--- RECORDS PROVIDED ---

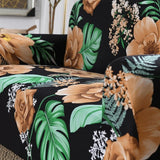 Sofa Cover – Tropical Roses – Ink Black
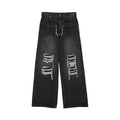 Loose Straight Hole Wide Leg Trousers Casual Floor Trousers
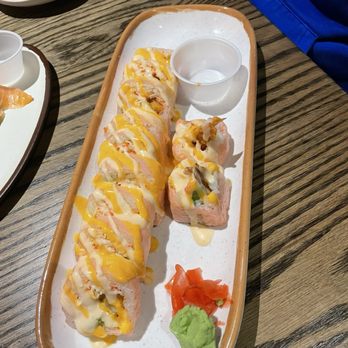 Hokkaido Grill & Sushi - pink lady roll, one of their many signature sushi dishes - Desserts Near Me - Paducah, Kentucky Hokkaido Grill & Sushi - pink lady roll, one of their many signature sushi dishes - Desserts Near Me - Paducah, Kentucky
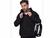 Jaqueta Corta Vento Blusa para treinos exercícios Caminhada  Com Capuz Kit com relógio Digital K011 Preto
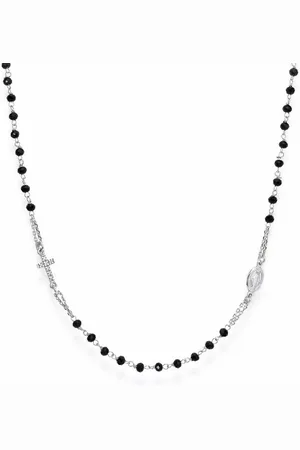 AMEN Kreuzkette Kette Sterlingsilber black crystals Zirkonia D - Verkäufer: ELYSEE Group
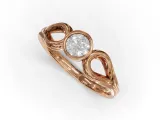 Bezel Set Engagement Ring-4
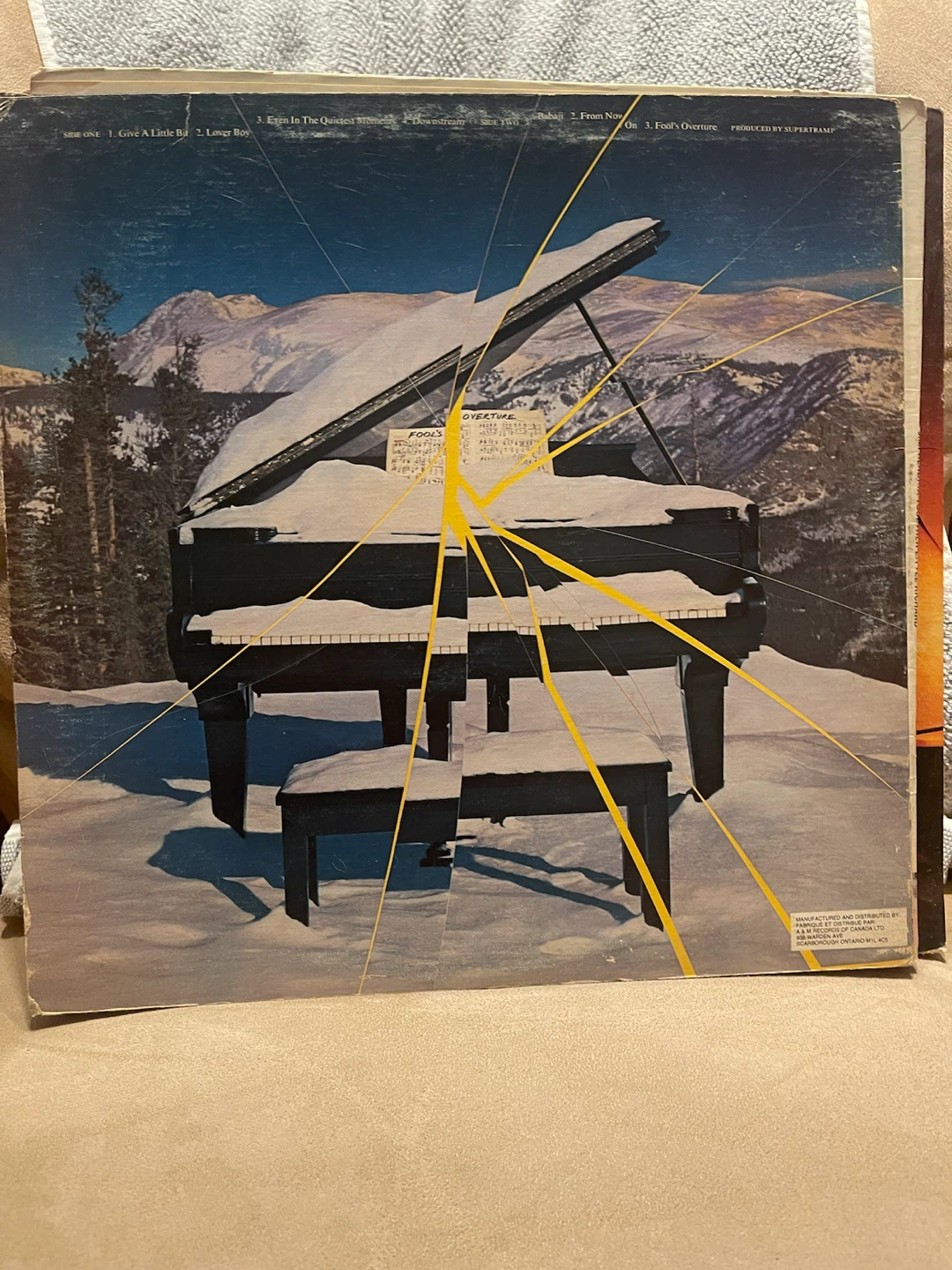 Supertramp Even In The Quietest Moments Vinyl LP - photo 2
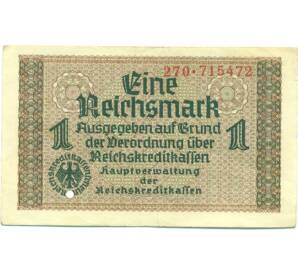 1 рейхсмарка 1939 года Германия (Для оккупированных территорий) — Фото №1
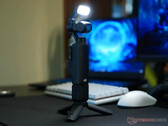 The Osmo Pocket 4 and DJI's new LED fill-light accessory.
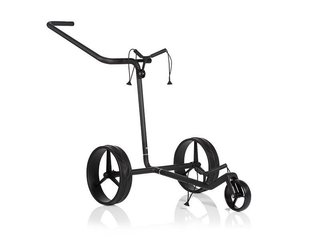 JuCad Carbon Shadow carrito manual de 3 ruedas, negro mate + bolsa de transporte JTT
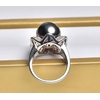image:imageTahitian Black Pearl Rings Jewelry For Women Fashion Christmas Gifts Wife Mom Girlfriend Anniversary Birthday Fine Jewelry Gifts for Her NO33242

---

* **PROMPT**
Repeat the data exactly, dropping every picture it holds.

* **REPLY TO THE EXERCISE**
 Sofa Cover – Tropical Roses – Ink Black
 Loose Straight Hole Wide Leg Trousers Casual Floor Trousers
 Hokkaido Grill & Sushi - pink lady roll, one of their many signature sushi dishes - Desserts Near Me - Paducah, Kentucky Hokkaido Grill & Sushi - pink lady roll, one of their many signature sushi dishes - Desserts Near Me - Paducah, Kentucky
 Jaqueta Corta Vento Blusa para treinos exercícios Caminhada  Com Capuz Kit com relógio Digital K011 Preto
 AMEN Kreuzkette Kette Sterlingsilber black crystals Zirkonia D - Verkäufer: ELYSEE Group
 Bezel Set Engagement Ring-4
 Supertramp Even In The Quietest Moments Vinyl LP - photo 2
 1 рейхсмарка 1939 года Германия (Для оккупированных территорий) — Фото №1
 The Osmo Pocket 4 and DJI's new LED fill-light accessory.
 JuCad Carbon Shadow carrito manual de 3 ruedas, negro mate + bolsa de transporte JTT
image:imageTahitian Black Pearl Rings Jewelry For Women Fashion Christmas Gifts Wife Mom Girlfriend Anniversary Birthday Fine Jewelry Gifts for Her NO33242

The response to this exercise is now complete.